We’d be out for a walk and Jonah would start pointing and saying, “Woof, woof, woof!” (i.e., “Mama, Dada, over there, a doggie!”). We wouldn’t see a dog anywhere, but he never lost his resolve. “Woof, woof, woof!” And sure enough, six, maybe seven blocks up, off in the distance we would see it: a big black poodle, or a cream-colored golden retriever. He was right every time. We were the ones without eyes to see.
He had trained his eyes to be on the lookout for dogs, planes, trains and big trucks, so he could see them all from far away. His ears, too: he could pick out barking and train whistles from the world’s cacophony of sounds.
This is what we’re called to do during the sweet season of Epiphany. We are called to train our eyes and ears to see and hear the glory of God all around us, to perceive that everything is radiant and resonant with the goodness of God, to realize afresh the truth of those words in Isaiah: “The people who walked in darkness have seen a great light.”

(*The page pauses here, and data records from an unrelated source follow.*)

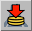../../../_images/krakatoa152_icon_savemodstack.png
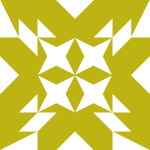 Avatar of nativegut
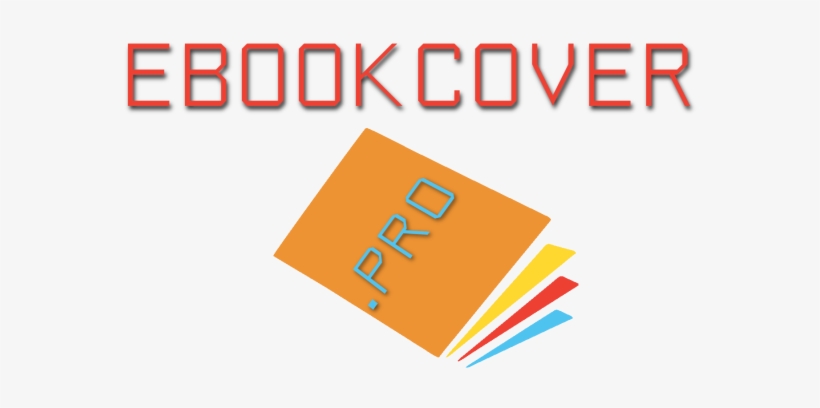 Software For Book Or E-book Covers Has Been Designed - Nerd Geek, transparent png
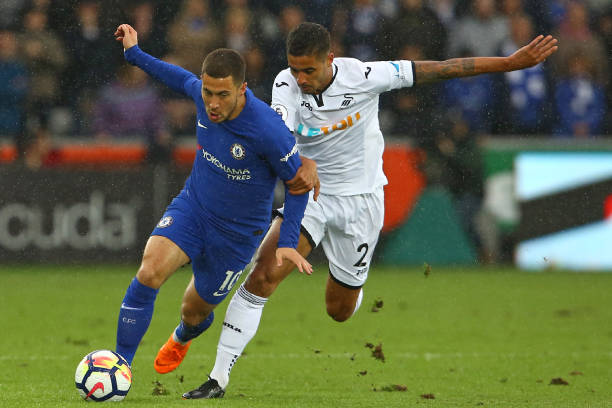 親民價格吸 親民價格吸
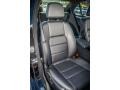 Black - C 250 Sport Photo No. 24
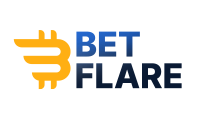 Betflare Affiliate image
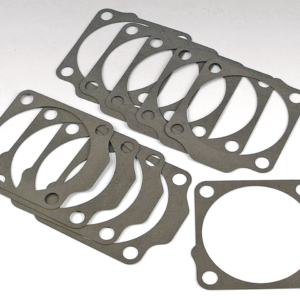 GUARNIZIONI, O-RING E PARAOLI PER PANHEAD & SHOVELHEAD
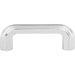 Top Knobs Victoria Falls 3" Center to Center Bar Pull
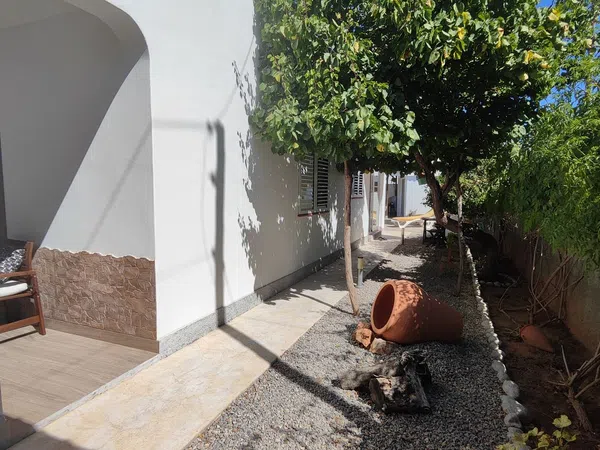 Casa o chalet independiente en Calle Quatre Cantons, 4, Puig Den Valls, Puig Den Valls - Foto 25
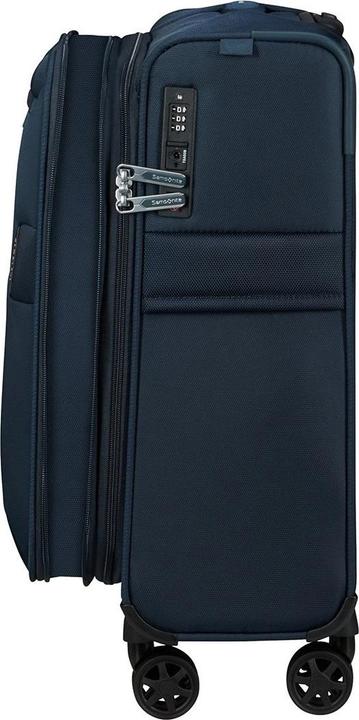 Produktbild Samsonite URBIFY150715 (46 l)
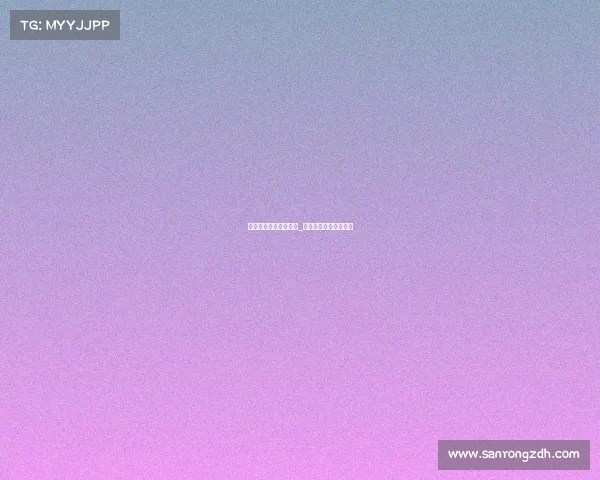 南广电子竞技报考人数_南广电竞专业招生简章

This isn’t always an easy task. Frostbite and hypothermia threaten our homeless brothers and sisters as the temperatures continue to fall. Sex slavery runs rampant abroad and in our own backyards, and the blind cycle of violence in the Middle East goes round and round. Talk about a cacophony.

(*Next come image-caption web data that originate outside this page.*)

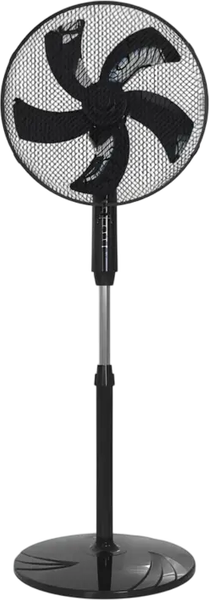 Изображение товара Вентилятор Rix RSF-4500R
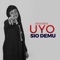 Uyo sio demu (feat. Neiba & Nay Wa Mitego) - AbduKiba lyrics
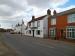 The White Hart Inn picture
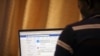 Venezolanos buscan combatir la desinformación como 'cazadores de fake news'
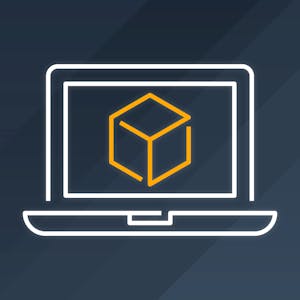 AWS Fundamentals: Going Cloud-Native from Coursera | Course by Edvicer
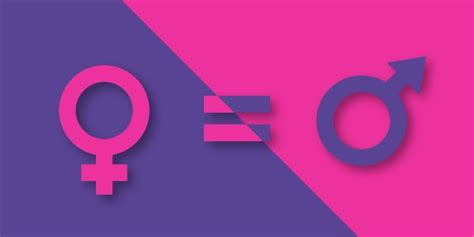 Couple Opposite Sex Over Royalty Free Licensable Stock Illustrations Drawings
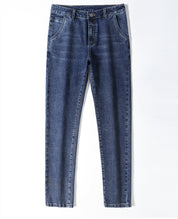 Rockford Jeans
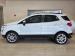 Ford EcoSport 1.0T Titanium auto - Thumbnail 3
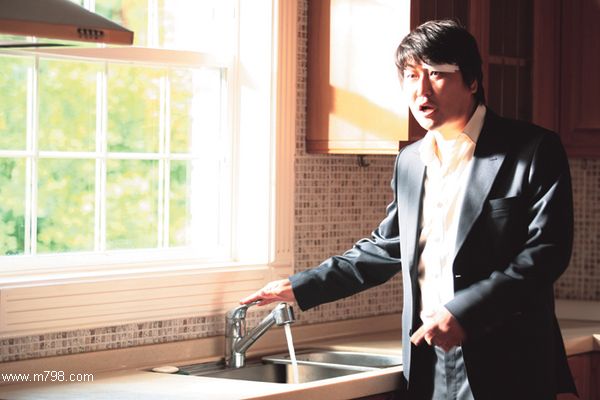 优雅的世界剧照的剧照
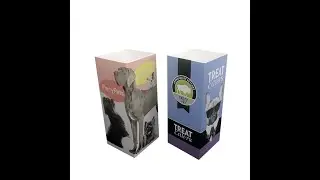Custom Cardboard Corrugated Dump Bins Display Stand!Contact Us: www.popdisplay.me info@popdisplay.me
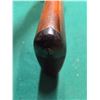 Image 14 : G.E. Lewis Side by Side 12g Shotgun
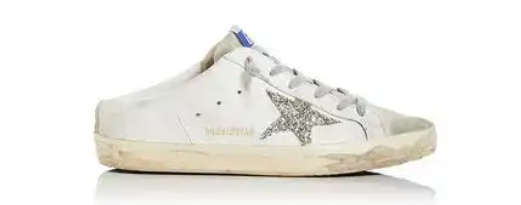 China Wholesale Supplier Branded Golden Goose shoes, join us on whatsapp | Yupoo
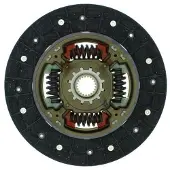 AISIN Kupplungsscheibe DTX-200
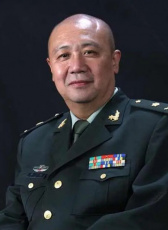 李三林
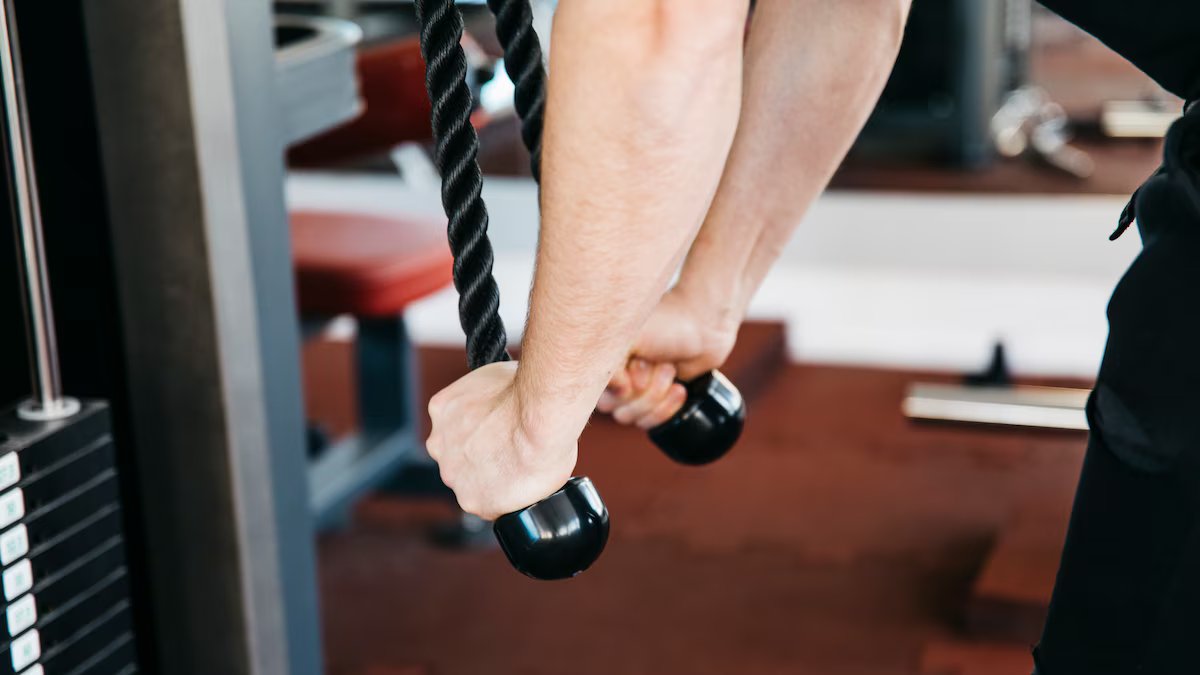 Quantos você está faltando?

It’s hard to believe that God’s light and love and peace are overwhelming the world. It’s hard to believe that the year of the Lord’s favor has begun.
And yet as Christians we’re called to train our eyes and ears. To see and hear the world through the eyes and ears of Isaiah and Jesus. To tirelessly search the horizon for the ways in which God is coming into the world, and to see that light is shining in the darkness—that God is at work bringing good news to the poor, proclaiming release to the captives and recovery of sight to the blind, letting the oppressed go free.
The signs may be off in the distance, or camouflaged by distractions. But they are there, we trust and pray—and by the grace of God, with the eyes and ears of faith, and with one another’s help in congregations of looking and listening, we can and will perceive them.